Michelangelo Pistoletto

Michelangelo Pistoletto was born in Biella in 1933. In 1960 he held his first solo exhibition at the Galatea Gallery in Turin. In the same year he made several life-size self-portraits on monochrome backgrounds in gold, silver and copper. In 1961 he created a series of works in which he painted his own figure on a black background made reflective by a layer of transparent paint.

In 1962 he developed the technique photographic transfer on tissue paper applied to mirror-polished stainless steel, with which he created his mirror paintings, which directly included the presence of the viewer and the real dimension of time in the work.

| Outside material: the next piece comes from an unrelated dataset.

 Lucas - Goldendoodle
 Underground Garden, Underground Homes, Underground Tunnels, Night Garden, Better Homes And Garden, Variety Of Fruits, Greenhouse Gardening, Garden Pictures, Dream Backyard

Pistoletto’s mirror paintings, exhibited for the first time in 1963 at the Galatea Gallery, soon achieved international recognition and success, leading him to participate in the most important art events dedicated to Pop Art and Nouveau Realisme. As early as the 1960s he held solo exhibitions at prestigious galleries and museums in Europe and the United States (in 1964 at the Sonnabend Gallery in Paris, in 1966 at the Walker Art Center in Minneapolis, in 1967 at the Palais des Beaux Arts in Brussels). Pistoletto’s works are considered fundamental to the birth of Arte Povera, an art movement theorised by Germano Celant in 1967.

In 1968 he was invited to the Venice Biennale. After decades of exhibitions in Italy and abroad, in 1991 he became professor of sculpture at the Vienna Academy of Fine Arts, a post he held until 2000. In 2003 he was awarded the Golden Lion for Lifetime Achievement at the Venice Biennale.

In 2013 his solo exhibition was held at the Louvre Museum in Paris. His works are present in the collections of major museums of modern and contemporary art, such as MOMA, New York; Guggenheim Museum, New York; Beaubourg, Paris and many others.